著者が信奉するマルクスによれば、利潤の源泉は資本家による労働者の搾取だとされる。だがそれは間違っている。搾取理論の前提である労働価値説(商品の価値はそれを作るためにかかった労働時間で決まるという説)が間違っているからである。
マルクスを批判したオーストリアの経済学者ベーム=バヴェルクは、資本家と労働者は搾取・被搾取の関係ではなく、他の様々な商取引と同じく、自発的な協力関係にあると指摘した。
高度で複雑な製造過程で商品を作り、販売し、代金を回収するには時間がかかるし、そもそも売れるかどうかもわからない。だが売れるのを待っていたのでは、労働者は生活できない。そこで資本家が前もって賃金を支払い、その代わり将来利潤を得るのである。
著者は修行時代に働いたパン屋について、労働環境が劣悪だったとこぼし、それでもクビにされたら困るので「無茶苦茶に働かされても、文句のひとつ言うことすらできない」と書く。しかし著者自身が認めるように、やめる自由はあったし、実際やめる人も多くいた。かりにマルクスがいうように労働が搾取だとしても、選んだのは本人の意思である。まるで奴隷制のように非難するのはおかしい。
だがすでに述べたように、自発的な意思にもとづく限り、労働は搾取ではない。本当の搾取とは、自発的な意思にもとづかず、他人の労働の成果を強制的に奪うことだ。その典型は、政府による課税である。
皮肉なことに、搾取を何よりも忌み嫌うはずの著者は、この本当の意味における搾取の恩恵にあずかっている。
本書には書かれていないが、出版から一年余りのちの2014年12月、著者は経営するパン屋を岡山県真庭市から鳥取県智頭町に移転すると公表する。その際の公式ブログによると、著者は真庭市から補助金を受けていた(移転に伴い全額返済)。また、移転先の智頭町からも「多大なるご支援」を受けたという。

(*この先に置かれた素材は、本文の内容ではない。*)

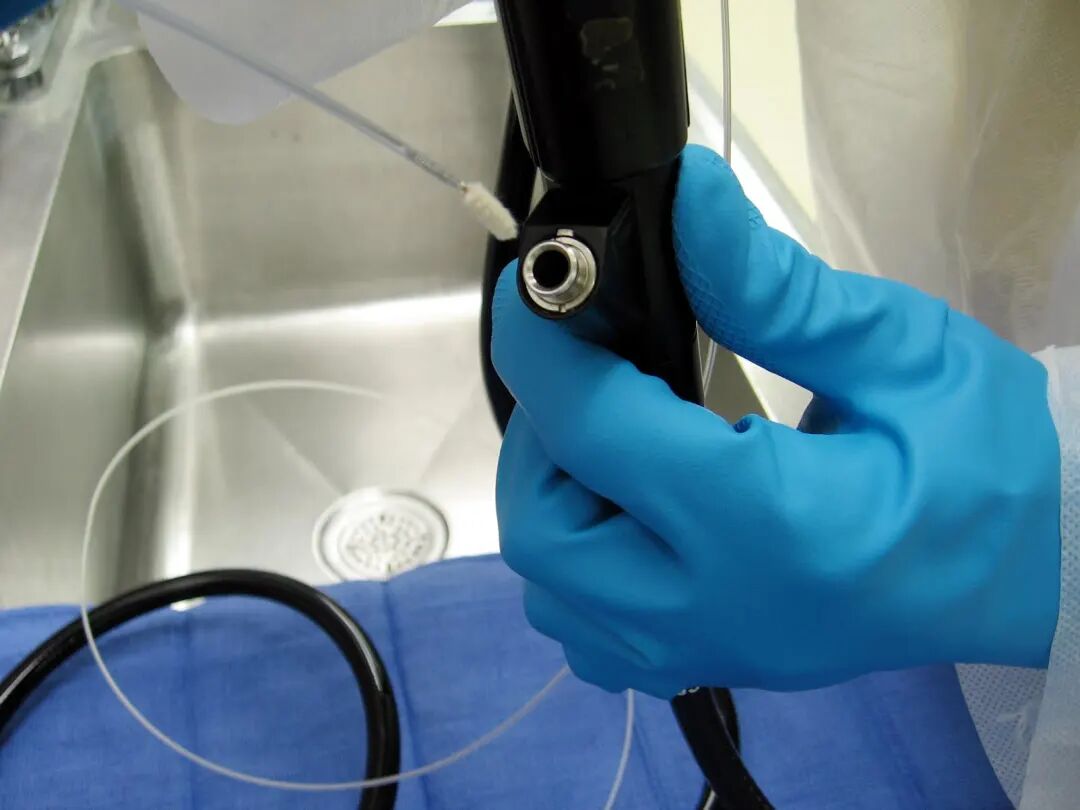 做完支气管镜怎么保养支气管镜如何维护与保养？_https://www.jmylbn.com_新闻资讯_第15张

いうまでもなく、補助金の原資は税金である。つまり著者は、政府が労働者などから搾取したカネの分け前にあずかり、それを助けに事業を営んでいる。そして誇らしげに、自分はいかなる搾取にも手を染めていないと胸を張るのである。
むろん世の中には、政府と癒着して、著者などよりはるかに多額の血税をせしめる業者がいる。しかし少なくとも彼らは、自分が道徳的に正しいとうぬぼれてはいないだろう。
著者にマルクスを読むよう勧めた父は学者で、息子の志をほめつつ、パンの値段が高い(平均400円!)のが問題だと話す。そこで解決策として、「社会的な意義、文化的な意義を評価して、誰もが気兼ねなく買える値段にできるシステム」を作るという教え子の提案を紹介する。財源について父は語らないが、これも税以外にないことは明らかである。
20世紀末に社会主義諸国が崩壊し、誤りが明らかになったはずのマルクス理論は、しぶとい幽霊のように地上を去らず、杜撰な資本主義批判本をベストセラーに押し上げる。少なからぬ知識人やメディアが本音ではマルクスや社会主義への郷愁を捨てきれない現実を考えれば、著者の無知を責めるのは酷かもしれない。